Convergence is such a beautiful word. It is so active, alive, in motion.

I recently came across a definition that said, simply, “convergence: a coordinated turning of the eyes.” In this instance, convergence is when our eyes form a single point on corresponding retinal areas to bring an image into focus. Convergence is a word about vision. Another definition said that convergence is the “net flow of air into a given region.” So, it is about oxygen, it is about buoying, it is about collaboration.

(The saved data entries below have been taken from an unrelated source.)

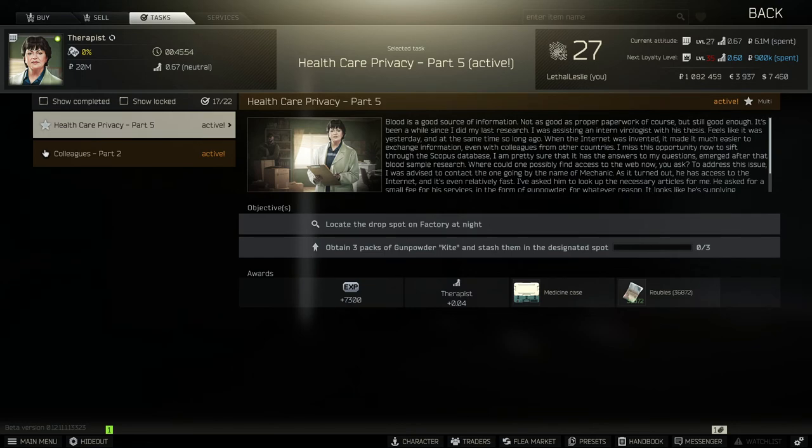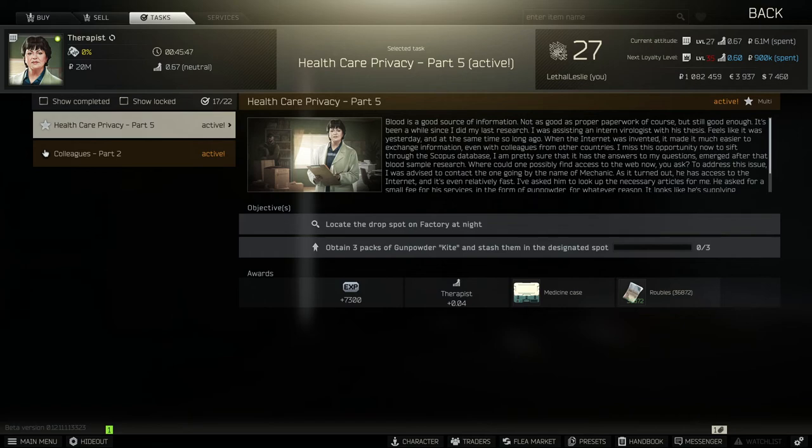We're going over the Therapist task Health Care Privacy Part 5. Now what we need to do is locate the drop spot on Factory at night time and obtain three packs of gunpowder and stash them in the designated spot.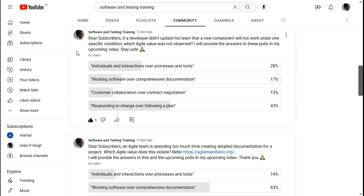On the community tab of this YouTube channel, I posted a poll: if a developer didn't update his team that a new component will not work under one specific condition, which agile value was not observed? The options were: individuals and interactions over processes and tools; working software over comprehensive documentation; customer collaboration over contract negotiation; and responding to change over following a plan. The correct answer is individuals and interactions over processes and tools, because the agile team must communicate with each other. Due to this decision, there could be a delay in the project — that developer should have updated his team members directly and quickly.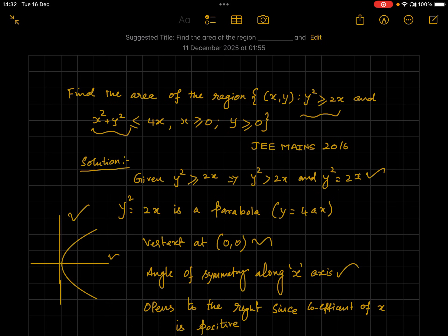Hi, hello and welcome students to our channel Math Logic. Today's video will be solving a question to find out the region enclosed between two curves. We will also see the inequality sign and how useful it is — it's the key to find out where the points satisfying the equation lie in relation to the particular equation. The question: find the area of the region enclosed between the curves y² ≥ 2x and x² + y² ≤ 4x.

I got interested in this word while participating in National Arts Strategy’s Chief Executive Program. At the Ross School of Business in Ann Arbor, a gathering of arts leaders were charged with understanding how convergence comes into play in today’s competitive context. To be relevant in a crazy fast world, we have to be able to anticipate what is coming, what is changing, what people might need or want but they may not even be able to name.

Yet, our lives are increasingly filtered and compartmentalized. We rarely interact meaningfully with people whose economic realities are different from our own. Eli Parisser, in his book The Filter Bubble reminds us that our online lives may enable global connection but in an increasingly curated way. We get our news from our friends. We “friend” our friends’ friends. We eat where people who are like us eat. Facebook tells us who we know, broadcasts the articles we read, and knows what kinds of shoes we like (it is definitive, I like a wedge).

In this context, how can we imagine a new future for theater? How will we make art that speaks to the increasingly diverse and fractured communities that make up our cities? What do people want and need now, and what is the role of art?

The organization I have worked with for the past fifteen years is called Intersection: a similarly suggestive and active word. Intersection for the Arts, by name and by nature, embraces convergence. It exists to create experiences for diverse groups of people to come together to share, learn, act, and change.

In the midst of the Great Depression, the New Deal’s WPA firmly demonstrated that art can play a frontline role in response to the challenges we face in our cities. Today, there is a growing movement around Creative Placemaking championed by the NEA and evidenced by the birth of a visionary new funding initiative called ArtPlace America. Contemporary Creative Placemaking is defined, in simple terms, as revitalization through cross-sector initiatives that animate space and spur economic opportunity. It is well established that art creates a sense of place, reclaims underused or blighted space, activates citizens across typical boundaries, and inspires the heart and reignites the soul of challenged neighborhoods. In fact, there is “no single industry that attracts other sectors to the extent that arts and culture does.” (Center for an Urban Future) Yet, we also know that artists and arts organizations often serve a pioneering purpose and then are priced-out along with the people who were indigenous and most vulnerable.

So what do we do? People are struggling to survive, much less thrive in our cities. There is no work for an overwhelming portion of the American public. Blighted, vacant neighborhoods across America are in need of social and economic reinvention. Artists are struggling and theater seats are empty. Development often results in gentrification and beautiful but expensive, privileged places that stand empty. Art and artists are exploited, instead of utilized and integrated as key components in equitable social development. But can we land on the paradigm where art and neighborhood development converge into sustained opportunities for people who are otherwise further marginalized?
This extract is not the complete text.